What is concept of ‘Inflation Target’

  • Under the Reserve Bank of India Act, 1934, RBI is entrusted with the responsibility of conducting monetary policy in India with the primary objective of maintaining price stability while keeping in mind the objective of growth.
  • Under the RBI Act, the Central Government, in consultation with the RBI, determines the inflation target in terms of the Consumer Price Index (CPI), once in five years.
  • Accordingly, the Central Government has notified 4 per cent Consumer Price Index (CPI) inflation as the target for the period from April 1, 2021 to March 31, 2026 with the upper tolerance limit of 6 per cent and the lower tolerance limit of 2 per cent. 

What happens when RBI fails to maintain ‘Inflation Target’
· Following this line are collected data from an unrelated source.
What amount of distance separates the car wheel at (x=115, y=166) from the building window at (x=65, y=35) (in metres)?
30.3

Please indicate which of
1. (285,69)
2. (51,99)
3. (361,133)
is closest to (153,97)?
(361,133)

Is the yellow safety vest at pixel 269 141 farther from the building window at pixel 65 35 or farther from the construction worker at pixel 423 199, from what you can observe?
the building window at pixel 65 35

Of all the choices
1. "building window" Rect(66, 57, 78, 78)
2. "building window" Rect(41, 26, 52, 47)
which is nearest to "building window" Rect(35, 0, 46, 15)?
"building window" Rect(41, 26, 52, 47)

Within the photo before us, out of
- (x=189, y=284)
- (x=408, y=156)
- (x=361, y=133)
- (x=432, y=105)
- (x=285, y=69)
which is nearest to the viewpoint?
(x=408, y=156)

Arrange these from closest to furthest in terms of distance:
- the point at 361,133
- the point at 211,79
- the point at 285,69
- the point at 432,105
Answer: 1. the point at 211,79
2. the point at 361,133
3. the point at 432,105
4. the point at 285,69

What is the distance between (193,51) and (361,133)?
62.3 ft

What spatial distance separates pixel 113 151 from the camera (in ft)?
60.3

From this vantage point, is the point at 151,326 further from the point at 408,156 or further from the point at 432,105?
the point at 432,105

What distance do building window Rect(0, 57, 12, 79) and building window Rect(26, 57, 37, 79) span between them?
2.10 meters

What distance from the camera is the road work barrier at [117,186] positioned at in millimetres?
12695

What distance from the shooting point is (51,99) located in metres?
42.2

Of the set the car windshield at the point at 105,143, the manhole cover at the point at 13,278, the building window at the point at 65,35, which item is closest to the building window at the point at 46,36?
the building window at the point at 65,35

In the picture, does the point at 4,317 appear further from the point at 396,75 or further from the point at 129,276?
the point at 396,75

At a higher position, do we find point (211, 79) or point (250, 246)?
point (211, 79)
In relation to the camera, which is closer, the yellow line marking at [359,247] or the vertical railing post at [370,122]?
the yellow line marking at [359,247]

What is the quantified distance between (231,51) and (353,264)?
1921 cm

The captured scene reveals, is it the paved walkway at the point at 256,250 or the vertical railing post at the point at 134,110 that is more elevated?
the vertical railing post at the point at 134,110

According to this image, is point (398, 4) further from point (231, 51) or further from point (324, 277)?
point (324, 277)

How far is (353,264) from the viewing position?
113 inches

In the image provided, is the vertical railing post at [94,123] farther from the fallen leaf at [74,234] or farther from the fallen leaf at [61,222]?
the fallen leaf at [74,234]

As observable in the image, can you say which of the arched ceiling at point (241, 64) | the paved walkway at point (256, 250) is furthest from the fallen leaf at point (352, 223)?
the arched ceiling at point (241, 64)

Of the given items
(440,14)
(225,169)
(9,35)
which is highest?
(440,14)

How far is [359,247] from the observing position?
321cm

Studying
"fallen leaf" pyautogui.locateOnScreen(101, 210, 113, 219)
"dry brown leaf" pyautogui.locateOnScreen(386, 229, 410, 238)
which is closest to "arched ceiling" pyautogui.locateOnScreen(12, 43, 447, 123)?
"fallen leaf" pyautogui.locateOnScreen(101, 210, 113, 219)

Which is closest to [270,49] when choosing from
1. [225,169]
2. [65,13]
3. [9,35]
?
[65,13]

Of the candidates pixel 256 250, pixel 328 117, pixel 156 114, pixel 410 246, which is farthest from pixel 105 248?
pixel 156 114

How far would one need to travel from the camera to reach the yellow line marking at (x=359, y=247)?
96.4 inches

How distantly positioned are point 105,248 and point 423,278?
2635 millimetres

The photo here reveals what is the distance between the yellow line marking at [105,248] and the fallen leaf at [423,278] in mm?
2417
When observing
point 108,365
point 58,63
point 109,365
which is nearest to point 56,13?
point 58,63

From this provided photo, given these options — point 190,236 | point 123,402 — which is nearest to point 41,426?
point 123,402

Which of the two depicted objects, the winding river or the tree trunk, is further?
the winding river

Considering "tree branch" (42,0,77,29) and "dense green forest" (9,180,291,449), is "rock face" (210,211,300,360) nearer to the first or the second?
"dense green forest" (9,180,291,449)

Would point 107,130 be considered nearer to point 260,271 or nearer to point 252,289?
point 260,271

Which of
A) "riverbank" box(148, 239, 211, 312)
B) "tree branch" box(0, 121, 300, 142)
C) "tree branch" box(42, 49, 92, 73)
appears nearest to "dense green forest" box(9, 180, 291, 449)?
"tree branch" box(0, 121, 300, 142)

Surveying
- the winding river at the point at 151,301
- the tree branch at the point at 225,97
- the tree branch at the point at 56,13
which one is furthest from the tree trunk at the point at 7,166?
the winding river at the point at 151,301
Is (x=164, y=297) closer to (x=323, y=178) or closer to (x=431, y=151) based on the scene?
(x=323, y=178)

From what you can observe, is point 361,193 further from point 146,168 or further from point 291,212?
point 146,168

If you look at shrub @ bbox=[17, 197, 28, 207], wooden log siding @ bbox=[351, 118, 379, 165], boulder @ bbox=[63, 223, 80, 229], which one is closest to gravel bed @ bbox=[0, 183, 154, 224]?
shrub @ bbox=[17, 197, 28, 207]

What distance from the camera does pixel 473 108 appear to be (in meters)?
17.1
  • The Central Government has notified the following as the factors that constitute failure to achieve the inflation target: 
    • (a) the average inflation is more than the upper tolerance level of the inflation target for any three consecutive quarters; or 
    • (b) the average inflation is less than the lower tolerance level for any three consecutive quarters.
  • Where the Bank fails to meet the inflation target, it shall set out in a report to the Central Government:
    • (a) the reasons for failure to achieve the inflation target;
    • (b) remedial actions proposed to be taken by the Bank; and
    • (c) an estimate of the time-period within which the inflation target shall be achieved.

Types of Inflation

a) Retail Inflation

  • In India, the index which shows the inflation rate at retail level is known as Consumer Price Index (CPI). 
  • CPI is based on retail prices and this index is used to calculate the Dearness Allowance (DA) for government employees. 

b) Headline Inflation

  • Headline inflation is the raw inflation figure reported through the Consumer Price Index (CPI).
  • The Monetary Policy Committee of the RBI uses ‘headline inflation’ to take its decision.
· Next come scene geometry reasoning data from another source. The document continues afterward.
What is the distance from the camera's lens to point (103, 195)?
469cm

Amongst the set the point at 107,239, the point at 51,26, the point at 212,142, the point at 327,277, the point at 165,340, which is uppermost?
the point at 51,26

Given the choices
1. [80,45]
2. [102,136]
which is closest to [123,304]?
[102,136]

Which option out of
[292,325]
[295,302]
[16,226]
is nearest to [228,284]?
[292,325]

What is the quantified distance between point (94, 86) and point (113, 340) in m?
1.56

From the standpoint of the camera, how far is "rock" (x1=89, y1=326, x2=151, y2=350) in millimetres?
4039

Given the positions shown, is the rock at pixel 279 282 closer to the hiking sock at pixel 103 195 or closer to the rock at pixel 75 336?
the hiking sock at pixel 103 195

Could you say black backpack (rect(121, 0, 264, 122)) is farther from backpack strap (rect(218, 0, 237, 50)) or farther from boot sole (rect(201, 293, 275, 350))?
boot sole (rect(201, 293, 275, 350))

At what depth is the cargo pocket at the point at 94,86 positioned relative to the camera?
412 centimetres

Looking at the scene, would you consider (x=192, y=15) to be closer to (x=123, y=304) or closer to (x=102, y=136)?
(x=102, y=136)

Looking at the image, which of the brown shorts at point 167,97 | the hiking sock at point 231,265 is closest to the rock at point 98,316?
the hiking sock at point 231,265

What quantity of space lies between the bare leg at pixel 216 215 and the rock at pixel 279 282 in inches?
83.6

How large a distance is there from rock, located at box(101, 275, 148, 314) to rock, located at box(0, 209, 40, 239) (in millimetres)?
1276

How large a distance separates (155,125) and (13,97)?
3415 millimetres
c) Retail Inflation Vs Headline Inflation

  • While retail inflation specifically focuses on the prices of goods and services consumed by households, headline inflation encompasses the broader spectrum of price changes in an economy, including those beyond retail consumption. 

d) Core Inflation

  • Core inflation removes the CPI components that can exhibit large amounts of volatility from month to month, which can cause unwanted distortion to the headline figure. 
  • The most commonly removed factors are those relating to the cost of food and energy. 

e) Galloping Inflation 

  • Steady and fairly high rate of increases in the general price level is known as galloping inflation. 
  • The rate of inflation runs into two digits (20 percent, 40 per cent, etc.) and sometimes even as high as three digits (i.e., 200 percent). 

f) Hyper-Inflation 

  • Hyper-inflation is a situation where the rate of inflation is very high. Thus, the value of money gets eroded rapidly. 
  • In order to cope with such a situation, households minimize their holdings of local currency. 
  • Generally, it happens in an economy which faces wars and their aftermath, socio-political upheavals or other crises. 
    • In these situations, it is very difficult to impose tax on the residents by the government, which leads to a fiscal deficit and the government has to finance it primarily through money creation rather than imposing taxes or borrowings. 
  • In a situation of hyper-inflation, certain functions of money such as ‘a store of value’ and ‘a medium of exchange’ are no longer valid. 
  • A recent example of hyperinflation in Zimbabwe during 2008-09.

g) Stagflation

  • The term stagflation (stagnation plus inflation) refers to the situation where an economy grows very slowly or at zero rate (stagnant) and prices keep rising. 
  • The side effects of stagflation are increase in unemployment– accompanied by a rise in prices, or inflation. 
    • It raises economic dilemmas as the actions designed to lower inflation may worsen unemployment and vice versa. 
  • This happened during the 1970s, when crude oil prices rose dramatically, fuelling sharp inflation in developed economies. 
    • Stagflation is characterized by slow economic growth and relatively high unemployment in an economy.
    • It is a period of inflation combined with a decline in the gross domestic product (GDP). 
    • It is a period of rise in prices with little change in output.

h) Shrinkflation

  • It is a new form of inflation that isn’t easily visible to the Consumers.
  • It is the practice of reducing the size or quantity of a product while the price of the product remains the same or slightly increases
  • In some cases, the term may indicate lowering the quality of a product or its ingredients while the price remains the same.
  • This phenomenon has become quite common in the food and beverage industry.
  • To tackle high raw material costs, several fast-moving consumer goods (FMCG) companies in India are downsizing product packets, while keeping the price unchanged. Shrinkflation’ thus effectively means consumers are paying the same for less of the product.

i) Reflation

  • Inflation deliberately undertaken to relieve a depression is called Reflation. An economic depression is a steep and sustained drop in economic activity featuring high unemployment and negative GDP growth.
  • A country is said to have entered a technical ‘recession’ if its GDP growth rate stays in the negative territory for two consecutive quarters.

j) Imported Inflation

  • When the general price level rises in a country because of the rise in prices of imported commodities, inflation is termed as imported. 
  • India imports about three quarters of its total crude oil consumption. Therefore, if the oil prices go up in the international market, inflation in India will also go up due to higher prices of the petroleum products. 
  • However, it is not always necessary that only a rise in the price of a traded commodity in the international market fuels imported inflation. 
  • Inflation may also rise because of depreciation of the domestic currency. For example, if the rupee depreciates by 20% against the US dollar in a particular period, the landed rupee cost of oil will also go up by the same proportion and will affect the price levels and inflation readings. 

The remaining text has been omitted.